> **HOW TO COMPLETE THIS TASK**
Range to output from the entries below: the line containing "Load image into" through the line containing "The menzerna polishing". Set it down exactly, ends included, nothing else.

> **DATA UNDER STUDY**
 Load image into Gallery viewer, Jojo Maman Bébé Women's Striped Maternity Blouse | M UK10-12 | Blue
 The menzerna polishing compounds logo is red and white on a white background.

--

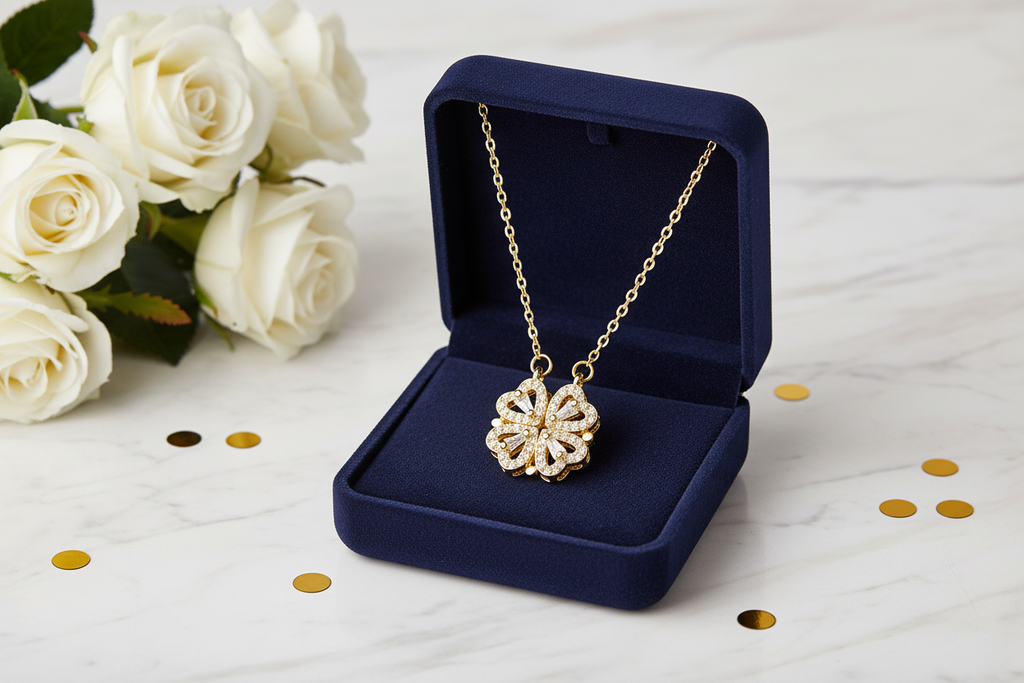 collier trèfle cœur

> **TASK ANSWER**
 Load image into Gallery viewer, Jojo Maman Bébé Women's Striped Maternity Blouse | M UK10-12 | Blue
 The menzerna polishing compounds logo is red and white on a white background.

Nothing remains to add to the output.